Here the job is to print all of the entries below verbatim and leave out any picture.

GIVEN ENTRIES: Begin

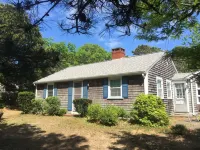Peaceful, comfortable Cape Cod house close to the shore Hotels in Eastham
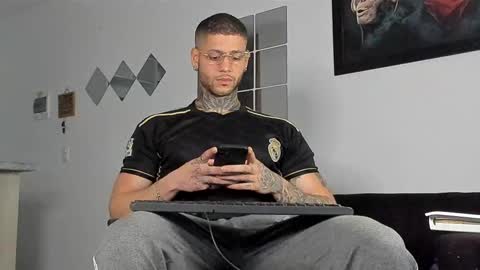 jeison online show from February 2025 12:09:02 PM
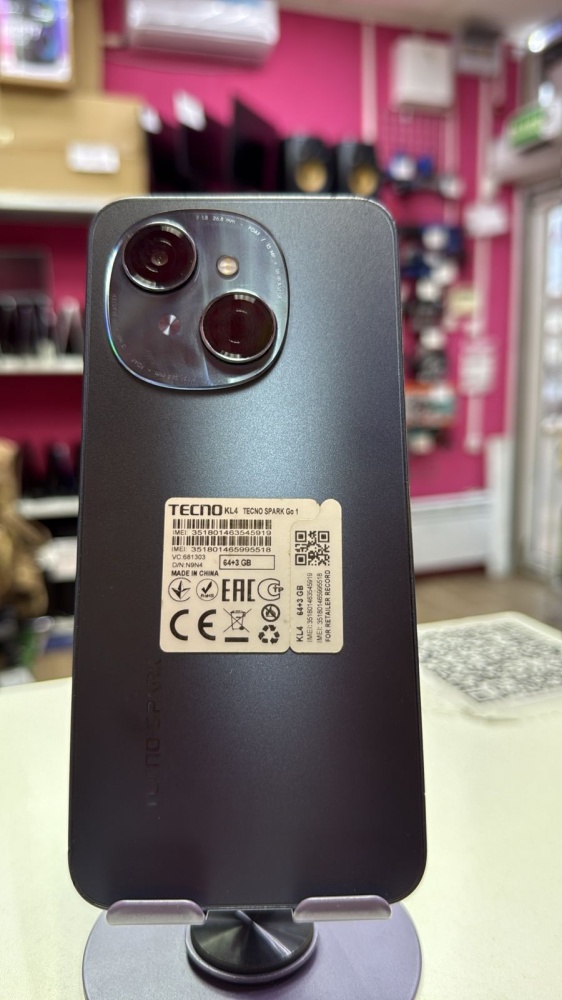 Мобильный телефон Tecno 3/64GB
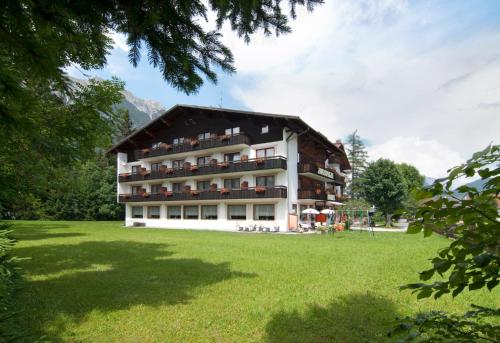 Фотография апарт отеля Apartmenthaus - Café - Zugspitze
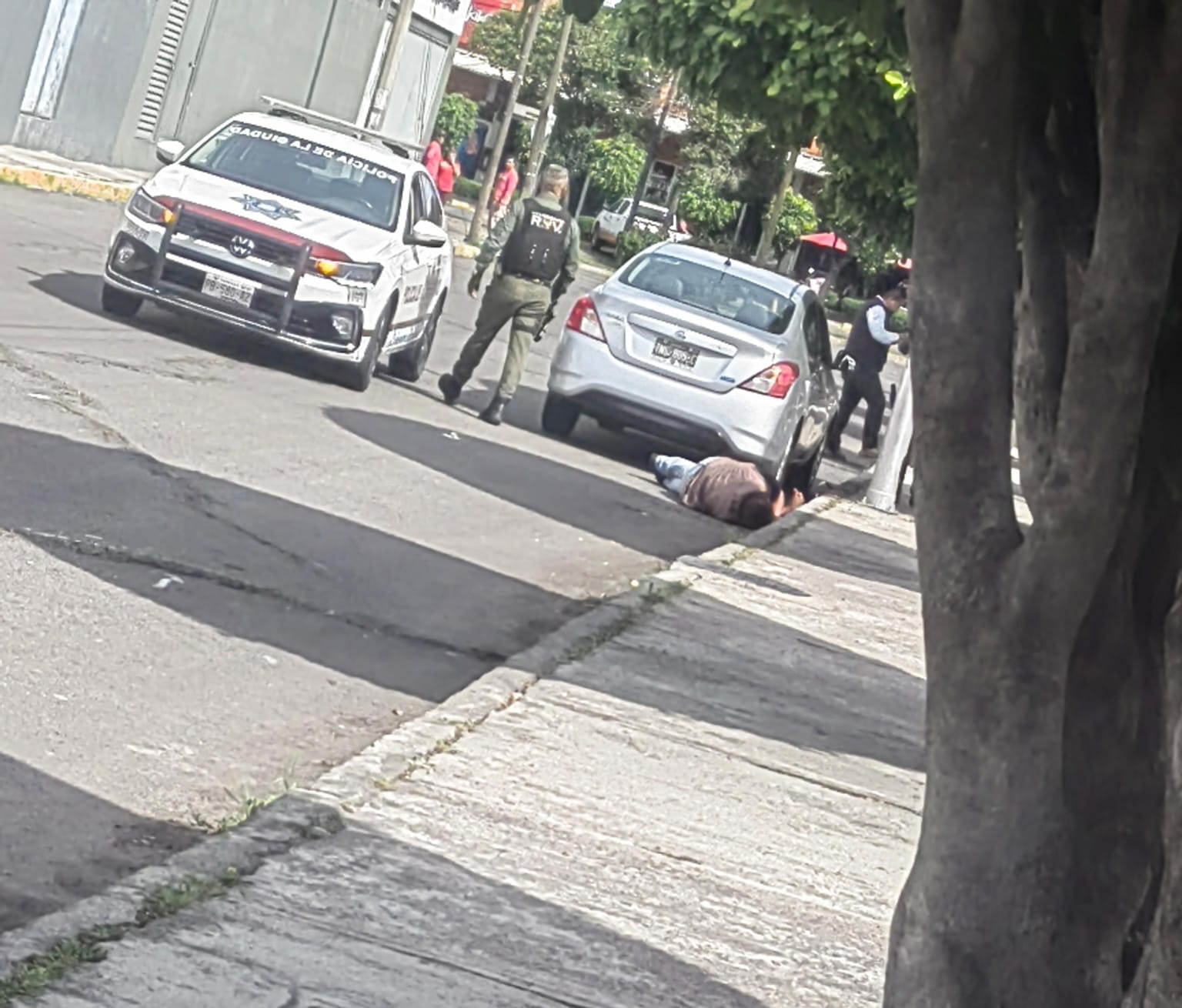 BALEAN A UN CUENTAHABIENTE TRAS ASALTO AFUERA DE SUCURSAL BANCARIA EN PUEBLA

GIVEN ENTRIES: End

## [RESULT OF THIS TASK]
Peaceful, comfortable Cape Cod house close to the shore Hotels in Eastham
 jeison online show from February 2025 12:09:02 PM
 Мобильный телефон Tecno 3/64GB
 Фотография апарт отеля Apartmenthaus - Café - Zugspitze
 BALEAN A UN CUENTAHABIENTE TRAS ASALTO AFUERA DE SUCURSAL BANCARIA EN PUEBLA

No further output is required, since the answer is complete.